In addition to visual acuity, lighting also affects employees’ sense of well-being, performance capacity, and concentration (number of assembly errors and workplace accidents). The work bench system must therefore be able to accommodate optimum lighting.
What is needed, therefore, is a broad spectrum of different lamp types (such as spotlights, magnifying lamps) and equipment that can be used to position and direct these lamps.
Lighting intensity should be adjusted individually to the process and the employee. It is also a good idea to consider energy use when mapping out the overall lighting concept.
Having a lot of shadow on the working surface is disruptive and affects concentration. Largely low-shadow illumination should be preferred. This is achieved by using as few different lamps as possible, ideally with diffuse lighting.
Parabolic reflector grids or microprisms can be used with optimum directionality to reduce direct glare. Indirect glare due to reflective surfaces in the work environment, including the workpiece itself, should also be taken into account.
Flickering is often apparent and perceived as disruptive, especially in the case of simple lighting using florescent tubes. Lights with electronic lamp control units can help with this.
In most cases, a neutral white color temperature (3300K–5300K) is considered the best setting.
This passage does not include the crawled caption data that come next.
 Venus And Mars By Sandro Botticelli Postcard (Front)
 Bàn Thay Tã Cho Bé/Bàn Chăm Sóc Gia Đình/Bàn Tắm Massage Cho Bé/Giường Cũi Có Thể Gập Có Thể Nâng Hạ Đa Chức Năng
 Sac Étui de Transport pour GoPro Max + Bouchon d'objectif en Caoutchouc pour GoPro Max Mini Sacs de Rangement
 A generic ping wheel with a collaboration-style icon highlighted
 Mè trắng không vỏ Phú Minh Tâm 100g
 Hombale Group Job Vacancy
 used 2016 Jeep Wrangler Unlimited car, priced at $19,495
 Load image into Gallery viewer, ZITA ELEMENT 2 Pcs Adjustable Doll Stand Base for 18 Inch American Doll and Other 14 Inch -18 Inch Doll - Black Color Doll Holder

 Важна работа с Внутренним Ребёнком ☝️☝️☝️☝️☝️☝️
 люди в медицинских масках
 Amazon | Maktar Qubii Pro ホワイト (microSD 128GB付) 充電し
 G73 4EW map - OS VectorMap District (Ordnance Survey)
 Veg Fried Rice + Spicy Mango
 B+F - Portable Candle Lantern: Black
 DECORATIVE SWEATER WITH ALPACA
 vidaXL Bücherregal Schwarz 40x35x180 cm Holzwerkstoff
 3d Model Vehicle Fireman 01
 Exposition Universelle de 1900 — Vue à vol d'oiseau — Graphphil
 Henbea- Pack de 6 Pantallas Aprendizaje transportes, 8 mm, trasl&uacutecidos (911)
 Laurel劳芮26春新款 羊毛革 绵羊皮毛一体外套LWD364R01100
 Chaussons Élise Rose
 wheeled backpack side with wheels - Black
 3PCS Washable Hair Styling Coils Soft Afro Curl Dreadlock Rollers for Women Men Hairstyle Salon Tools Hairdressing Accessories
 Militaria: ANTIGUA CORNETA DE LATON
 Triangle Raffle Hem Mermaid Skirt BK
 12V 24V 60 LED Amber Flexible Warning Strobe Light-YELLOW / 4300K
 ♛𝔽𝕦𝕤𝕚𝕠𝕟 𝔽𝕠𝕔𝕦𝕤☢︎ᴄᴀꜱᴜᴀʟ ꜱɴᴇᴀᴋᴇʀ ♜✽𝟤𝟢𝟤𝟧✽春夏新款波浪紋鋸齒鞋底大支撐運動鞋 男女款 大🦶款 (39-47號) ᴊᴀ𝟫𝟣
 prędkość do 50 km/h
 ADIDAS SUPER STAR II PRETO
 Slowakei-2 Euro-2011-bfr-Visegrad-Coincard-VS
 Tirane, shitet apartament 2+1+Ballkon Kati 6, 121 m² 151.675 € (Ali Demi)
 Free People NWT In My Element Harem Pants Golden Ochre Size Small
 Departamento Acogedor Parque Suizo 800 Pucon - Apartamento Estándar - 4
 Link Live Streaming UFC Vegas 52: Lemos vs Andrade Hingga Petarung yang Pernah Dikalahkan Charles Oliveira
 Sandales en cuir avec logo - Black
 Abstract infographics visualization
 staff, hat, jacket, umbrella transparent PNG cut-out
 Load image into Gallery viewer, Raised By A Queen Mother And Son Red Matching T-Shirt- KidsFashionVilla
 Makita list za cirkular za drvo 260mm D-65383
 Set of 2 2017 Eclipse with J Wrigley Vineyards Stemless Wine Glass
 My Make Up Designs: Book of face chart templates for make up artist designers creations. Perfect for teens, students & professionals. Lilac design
The requirements this involves with regard to the process should be taken into account in all cases.
General assembly activities call for a light intensity of about 46.5 fc (500 lux). If the components are very small, the assembly is complicated, or high levels of joining precision need to be achieved, the requisite lighting intensity can be as much as 100 to 139.4 fc (1000 to 1500 lux).
Required light intensity according to industry standard DIN EN 12464:
|Activity||Light intensity in foot-candles (fc)||Light intensity in lux|
|Rough assembly work||18.6||200|
|Moderately detailed assembly work||27.9||300|
|Detailed machining and assembly work||46.5||500|
|Highly detailed assembly work||69.7||750|
|Precision mechanics and micromechanics||100-139.4||1000 – 1500|
When considering lighting, a person’s individual visual acuity should also be taken into account. This may vary between individual employees. The physical circumstances within the space are another factor.